Jueves
Consideró su situación por un momento, no tenía mucho tiempo para pensar, para sopesar su cobardía. Se llevó a los labios el vaso de whisky casi vacío, como un reflejo ensayado muchas veces, una forma más de esconderse entre tantas otras a las que estaba acostumbrado. Se animó a mirar de reojo, por encima del vidrio que lo distorsionaba todo; la mujer seguía allí, sonriéndole.
Roberto Valdivia se consideraba a si mismo un perdedor, uno de esos tipos grises que tienen suerte de haber llegado a los cincuenta sin haber recibido demasiados golpes. Es cierto que nunca se había arriesgado a nada. Se cuidaba en las comidas, no fumaba, caminaba exactamente treinta y ocho cuadras hasta su trabajo cada mañana, recorrido que repetía a la inversa por la tarde sin importar el clima o la estación, y que no había modificado en los últimos veintisiete años. Vestía siempre un discreto traje azul marino, camisa blanca y corbata al tono, del que poseía varios juegos; había aprendido así a despreocuparse del tedio y los vaivenes de la moda, arte que estaba más allá de su comprensión y que aborrecía. Nunca se había casado, y lo más cercano a una novia que había tenido era una vecina de la adolescencia, quien le había enseñado los rudimentos más básicos del amor físico, y que lo había dejado llorando y lleno de rencor para irse con un fulano de pelo engominado y sonrisa de comercial de dentífrico que manejaba un Dodge Coronado rojo, y que por aquel entonces era la sensación del barrio.

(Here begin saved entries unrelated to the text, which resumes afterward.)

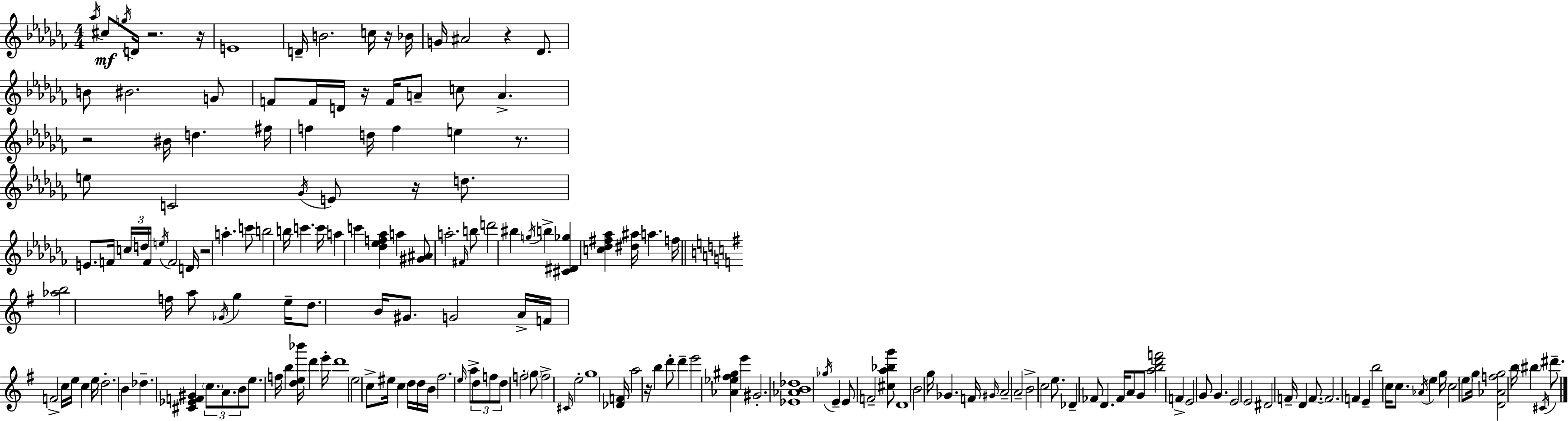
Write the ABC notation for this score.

X:1
T:Untitled
M:4/4
L:1/4
K:Abm
_a/4 ^c/2 g/4 D/4 z2 z/4 E4 D/4 B2 c/4 z/4 _B/4 G/4 ^A2 z _D/2 B/2 ^B2 G/2 F/2 F/4 D/4 z/4 F/4 A/2 c/2 A z2 ^B/4 d ^f/4 f d/4 f e z/2 e/2 C2 _G/4 E/2 z/4 d/2 E/2 F/4 c/4 d/4 F/4 e/4 F2 D/4 z2 a c'/2 b2 b/4 c' c'/4 a c' [_d_ef_a] a [^G^A]/2 a2 ^F/4 b/2 d'2 ^b g/4 b [^C^D_g] [c_d^f_a] [^d^a]/4 a f/4 [_ab]2 f/4 a/2 _G/4 g e/4 d/2 B/4 ^G/2 G2 A/4 F/4 F2 c/4 e/4 c e/4 d2 B _d [^C_EF^G] c/2 A/2 B/2 e/2 f/4 b [de_b']/4 d' e'/4 d'4 e2 c/2 ^e/4 c d/4 d/4 B/4 ^f2 e/4 a/2 d/2 f/2 d/2 f2 g/2 f2 ^C/4 e2 g4 [_DF]/4 a2 z/4 b d'/2 d' e'2 [_A_e^f^g] e' ^G2 [_E_AB_d]4 _g/4 E E/2 F2 [^ca_bg']/2 D4 B2 g/4 _G F/4 ^G/4 A2 A2 B2 c2 e/2 _D _F/2 D _F/4 A/2 G/2 [abd'f']2 F E2 G/2 G E2 E2 ^D2 F/4 D F/2 F2 F E b2 c/4 c/2 _A/4 e g/4 c2 e/2 g/4 [D_Afg]2 b/4 ^b ^C/4 ^d'/2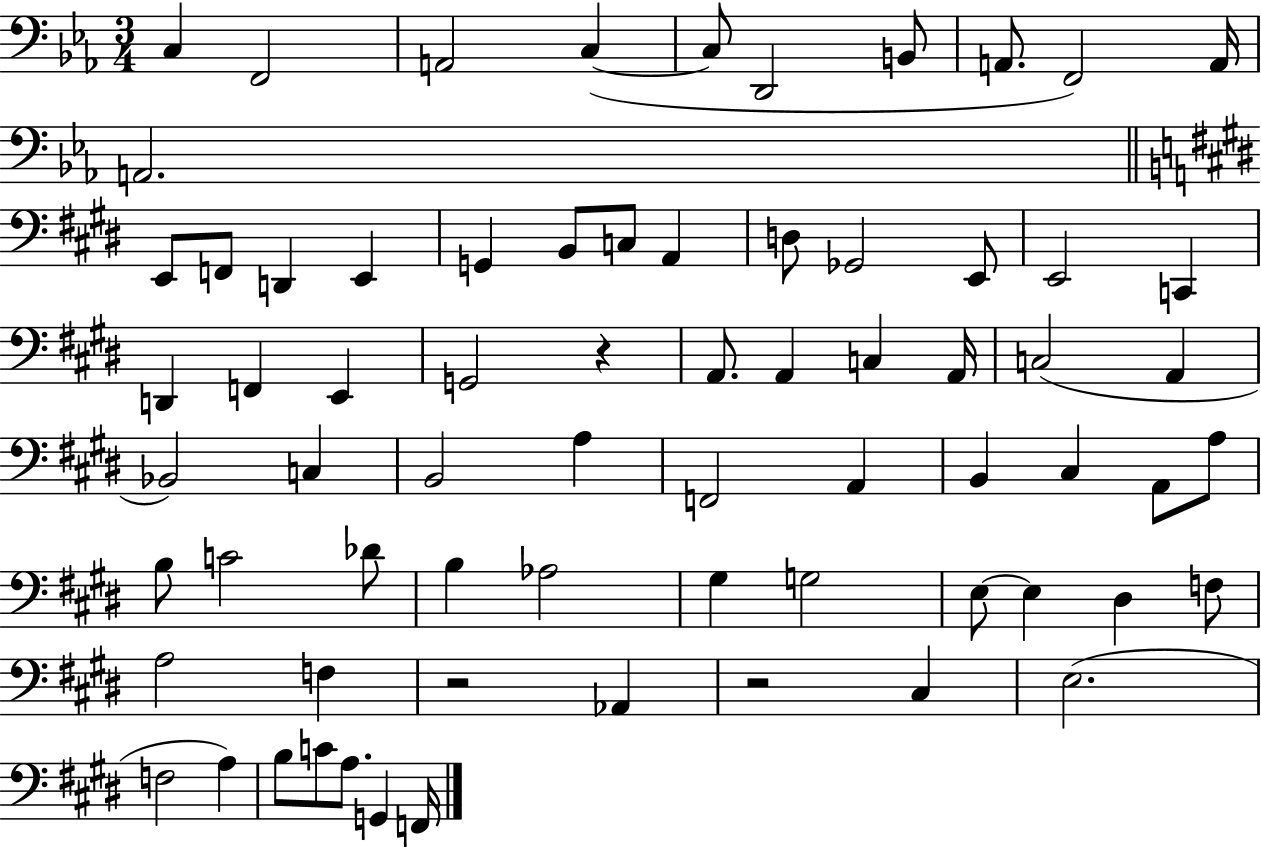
C3/q F2/h A2/h C3/q C3/e D2/h B2/e A2/e. F2/h A2/s A2/h. E2/e F2/e D2/q E2/q G2/q B2/e C3/e A2/q D3/e Gb2/h E2/e E2/h C2/q D2/q F2/q E2/q G2/h R/q A2/e. A2/q C3/q A2/s C3/h A2/q Bb2/h C3/q B2/h A3/q F2/h A2/q B2/q C#3/q A2/e A3/e B3/e C4/h Db4/e B3/q Ab3/h G#3/q G3/h E3/e E3/q D#3/q F3/e A3/h F3/q R/h Ab2/q R/h C#3/q E3/h. F3/h A3/q B3/e C4/e A3/e. G2/q F2/s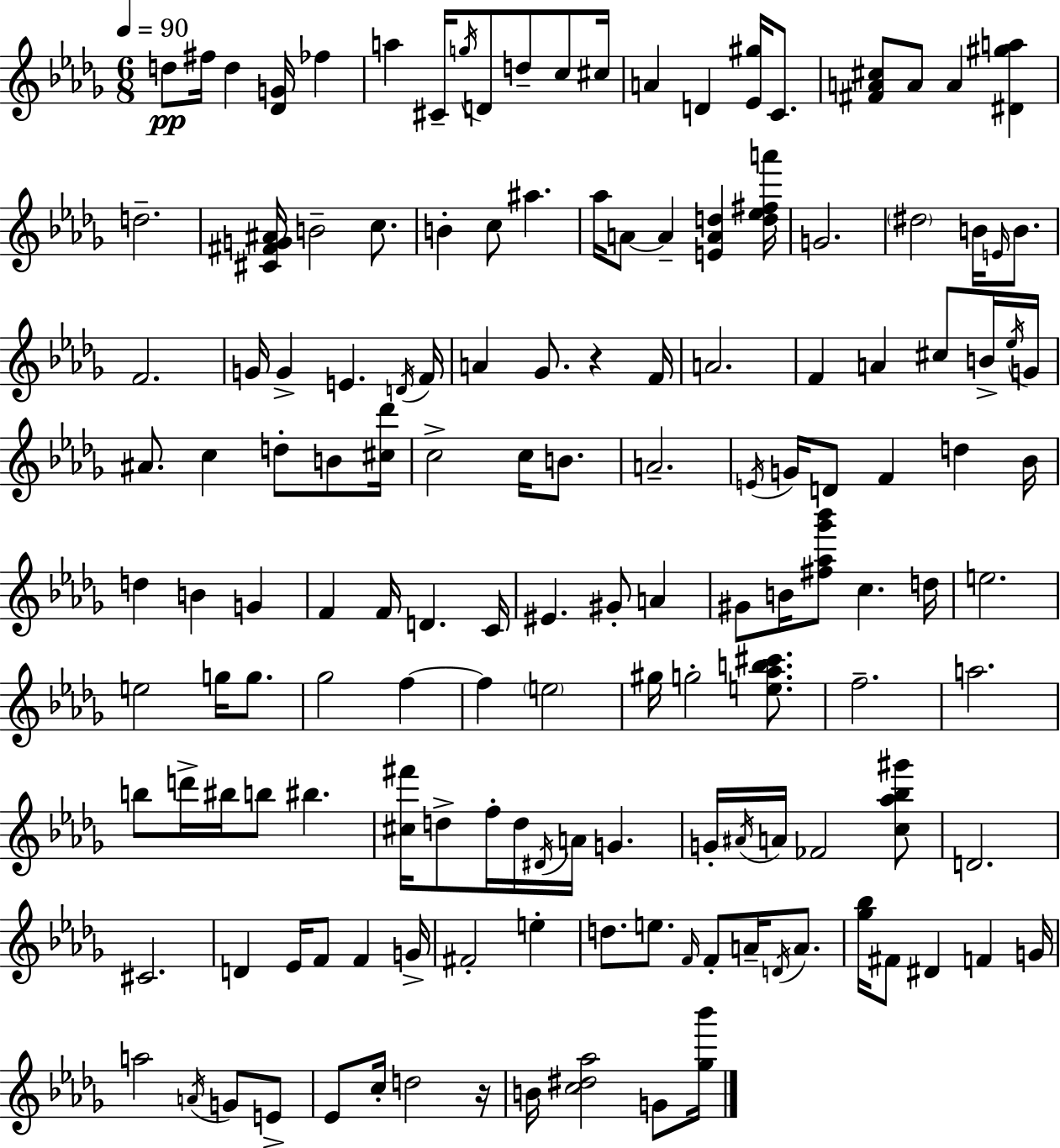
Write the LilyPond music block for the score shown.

{
  \clef treble
  \numericTimeSignature
  \time 6/8
  \key bes \minor
  \tempo 4 = 90
  d''8\pp fis''16 d''4 <des' g'>16 fes''4 | a''4 cis'16-- \acciaccatura { g''16 } d'8 d''8-- c''8 | cis''16 a'4 d'4 <ees' gis''>16 c'8. | <fis' a' cis''>8 a'8 a'4 <dis' gis'' a''>4 | \break d''2.-- | <cis' fis' g' ais'>16 b'2-- c''8. | b'4-. c''8 ais''4. | aes''16 a'8~~ a'4-- <e' a' d''>4 | \break <d'' ees'' fis'' a'''>16 g'2. | \parenthesize dis''2 b'16 \grace { e'16 } b'8. | f'2. | g'16 g'4-> e'4. | \break \acciaccatura { d'16 } f'16 a'4 ges'8. r4 | f'16 a'2. | f'4 a'4 cis''8 | b'16-> \acciaccatura { ees''16 } g'16 ais'8. c''4 d''8-. | \break b'8 <cis'' des'''>16 c''2-> | c''16 b'8. a'2.-- | \acciaccatura { e'16 } g'16 d'8 f'4 | d''4 bes'16 d''4 b'4 | \break g'4 f'4 f'16 d'4. | c'16 eis'4. gis'8-. | a'4 gis'8 b'16 <fis'' aes'' ges''' bes'''>8 c''4. | d''16 e''2. | \break e''2 | g''16 g''8. ges''2 | f''4~~ f''4 \parenthesize e''2 | gis''16 g''2-. | \break <e'' aes'' b'' cis'''>8. f''2.-- | a''2. | b''8 d'''16-> bis''16 b''8 bis''4. | <cis'' fis'''>16 d''8-> f''16-. d''16 \acciaccatura { dis'16 } a'16 | \break g'4. g'16-. \acciaccatura { ais'16 } a'16 fes'2 | <c'' aes'' bes'' gis'''>8 d'2. | cis'2. | d'4 ees'16 | \break f'8 f'4 g'16-> fis'2-. | e''4-. d''8. e''8. | \grace { f'16 } f'8-. a'16-- \acciaccatura { d'16 } a'8. <ges'' bes''>16 fis'8 | dis'4 f'4 g'16 a''2 | \break \acciaccatura { a'16 } g'8 e'8-> ees'8 | c''16-. d''2 r16 b'16 <c'' dis'' aes''>2 | g'8 <ges'' bes'''>16 \bar "|."
}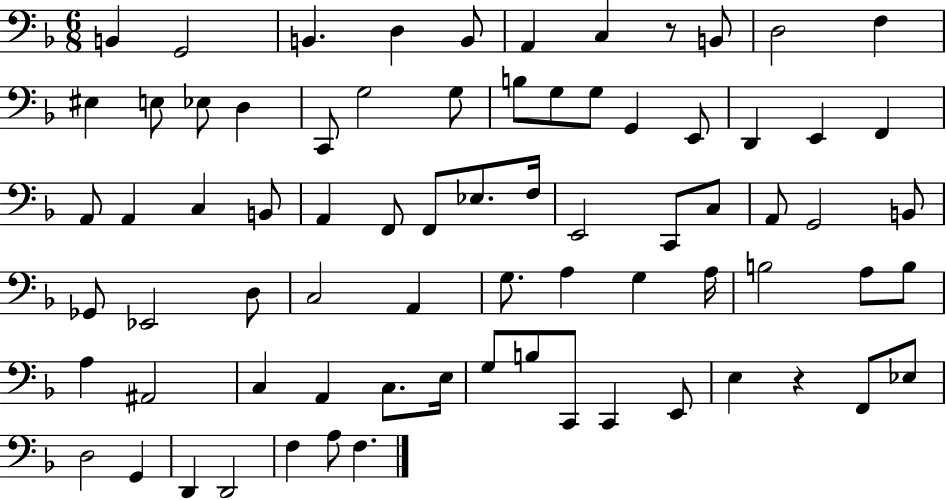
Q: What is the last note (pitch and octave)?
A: F3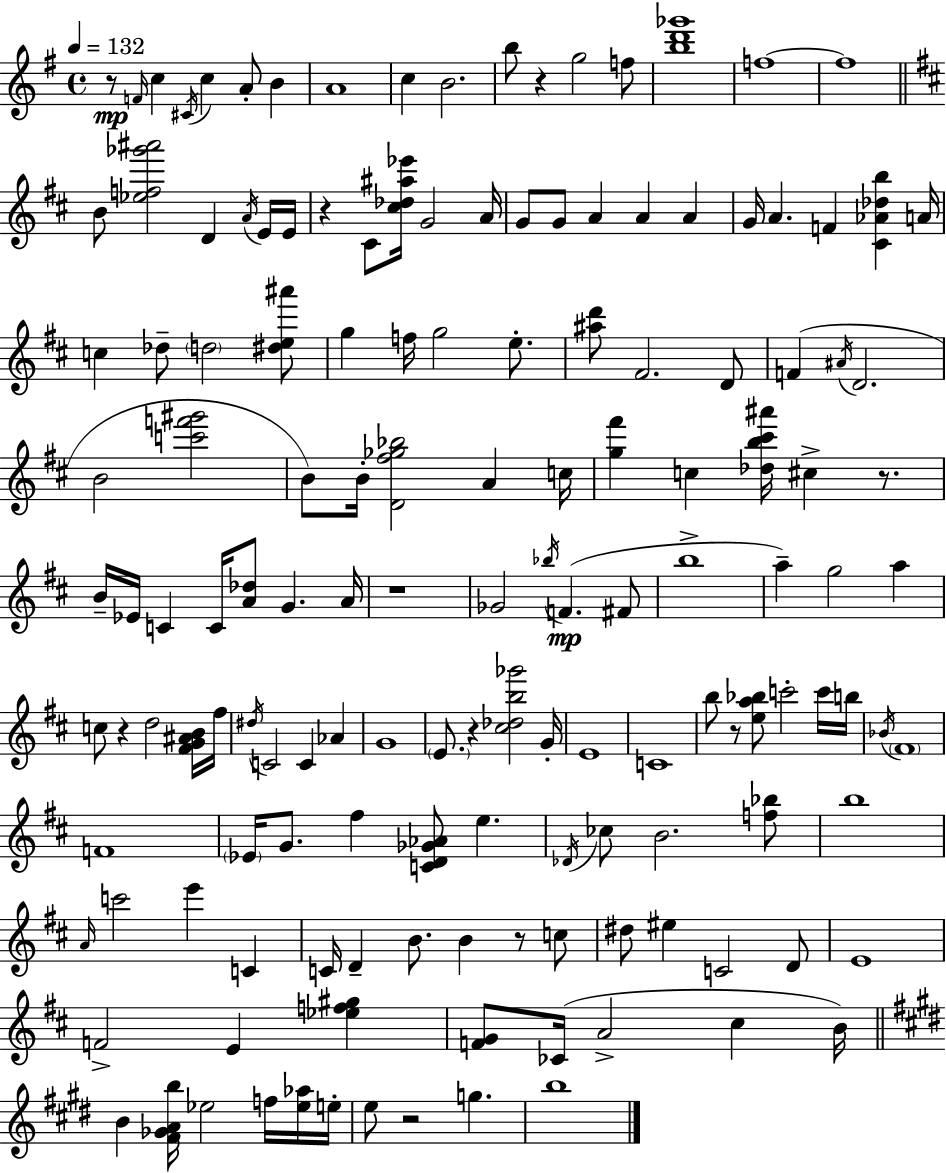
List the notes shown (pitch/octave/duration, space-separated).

R/e F4/s C5/q C#4/s C5/q A4/e B4/q A4/w C5/q B4/h. B5/e R/q G5/h F5/e [B5,D6,Gb6]/w F5/w F5/w B4/e [Eb5,F5,Gb6,A#6]/h D4/q A4/s E4/s E4/s R/q C#4/e [C#5,Db5,A#5,Eb6]/s G4/h A4/s G4/e G4/e A4/q A4/q A4/q G4/s A4/q. F4/q [C#4,Ab4,Db5,B5]/q A4/s C5/q Db5/e D5/h [D#5,E5,A#6]/e G5/q F5/s G5/h E5/e. [A#5,D6]/e F#4/h. D4/e F4/q A#4/s D4/h. B4/h [C6,F6,G#6]/h B4/e B4/s [D4,F#5,Gb5,Bb5]/h A4/q C5/s [G5,F#6]/q C5/q [Db5,B5,C#6,A#6]/s C#5/q R/e. B4/s Eb4/s C4/q C4/s [A4,Db5]/e G4/q. A4/s R/w Gb4/h Bb5/s F4/q. F#4/e B5/w A5/q G5/h A5/q C5/e R/q D5/h [F#4,G4,A#4,B4]/s F#5/s D#5/s C4/h C4/q Ab4/q G4/w E4/e. R/q [C#5,Db5,B5,Gb6]/h G4/s E4/w C4/w B5/e R/e [E5,A5,Bb5]/e C6/h C6/s B5/s Bb4/s F#4/w F4/w Eb4/s G4/e. F#5/q [C4,D4,Gb4,Ab4]/e E5/q. Db4/s CES5/e B4/h. [F5,Bb5]/e B5/w A4/s C6/h E6/q C4/q C4/s D4/q B4/e. B4/q R/e C5/e D#5/e EIS5/q C4/h D4/e E4/w F4/h E4/q [Eb5,F5,G#5]/q [F4,G4]/e CES4/s A4/h C#5/q B4/s B4/q [F#4,Gb4,A4,B5]/s Eb5/h F5/s [Eb5,Ab5]/s E5/s E5/e R/h G5/q. B5/w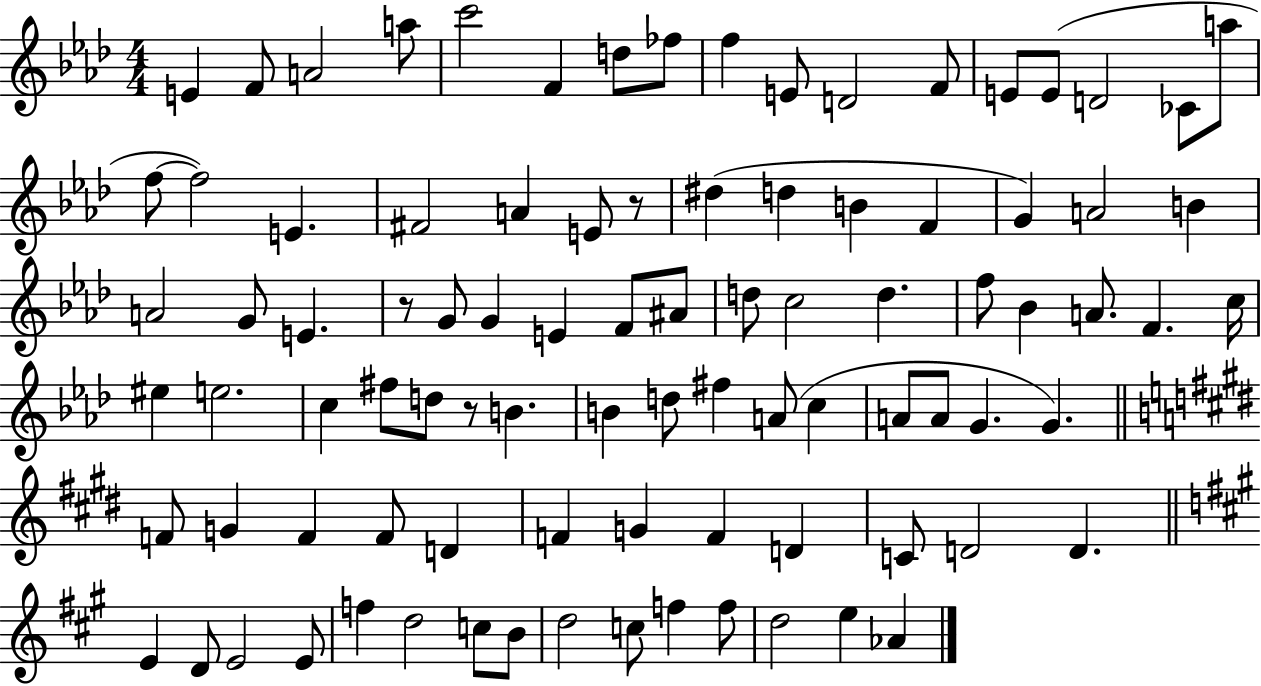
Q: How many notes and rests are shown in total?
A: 91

Se podría decir que el único vicio que tenía era el whisky de los jueves en el bar de la calle Urquiza. Le gustaba el lugar porque era anónimo y tranquilo, y nadie le prestaba atención. Se sentaba en una de las mesas del fondo con una medida doble de Blenders con hielo, preferentemente en un rincón, desde donde podía observar el escaso movimiento del establecimiento por un par de horas, antes de volver a su departamento de dos ambientes a ver un poco de televisión desde la cama.
Pero hoy todo había sido distinto. Lo notó apenas traspasó la puerta y vió a la mujer sentada en la barra. Linda mujer, por cierto; cerca de los cuarenta, pelo largo y lacio cayéndole sobre la espalda, muslos firmes debajo del vestido ajustado, pechos que podrían haber pertenecido a la tapa de una de esas revistas que decoraban las paredes del kiosko de diarios, y que miraba con timidez al pasar, pero nunca compraba. Lo cierto es que después de un rato había levantado la vista desde su mesa y se había encontrado con esa sonrisa y esa mirada que lo aturdieron. Había bajado la cabeza inmediatamente, sintiendo a la vez pánico y verguenza por su falta de aplomo. Tardó unos minutos en volver a mirarla, esta vez sobre el vaso y con disimulo; no quedaban dudas, la mujer le seguía sonriendo.
A Roberto Valdivia le hubiera gustado en ese momento tener un amigo que lo alentara, o el valor suficiente para levantarse e invitarla un trago, o el poder, al menos, de ser invisible. Se sentía estúpido y nervioso, hacía mucho que su rutina había adormecido esa sensación de inseguridad y patetismo que ahora lo agobiaba. Odió la situación en la que se encontraba, odió a la mujer, y se odió a si mismo. Sintió como la camisa se le empapaba por debajo del saco y como las manos le temblaban. Sin embargo, casi a pesar suyo, respiró hondo y se puso de pie, intentó una sonrisa que había practicado mil veces frente al espejo del baño mientras se afeitaba, y caminó hacia la barra, inundado por la excitación y el desafío de algo nuevo, de algo que se debía desde hacía mucho tiempo.
A medio camino tropezó con una silla. Fue un tropezón casi imperceptible, que ni siquiera le hizo perder el equilibrio.
Cuentan los pocos parroquianos que estaban en el lugar que Roberto Valdivia palideció y detuvo su marcha, inmovilizado en un momento que, seguramente, duró toda una eternidad. Sin decir una palabra, y con la sonrisa convertida en una mueca grotesca, pero todavía presente en su rostro, se dirigió hacia la puerta y desapareció en la noche.
La policía lo encontró una semana después, llevaba muerto más de cuatro días. Acostado en su cama, al lado de una botella y un frasco medio vacío de pastillas, vestía un impecable traje azul marino, corbata al tono y camisa blanca.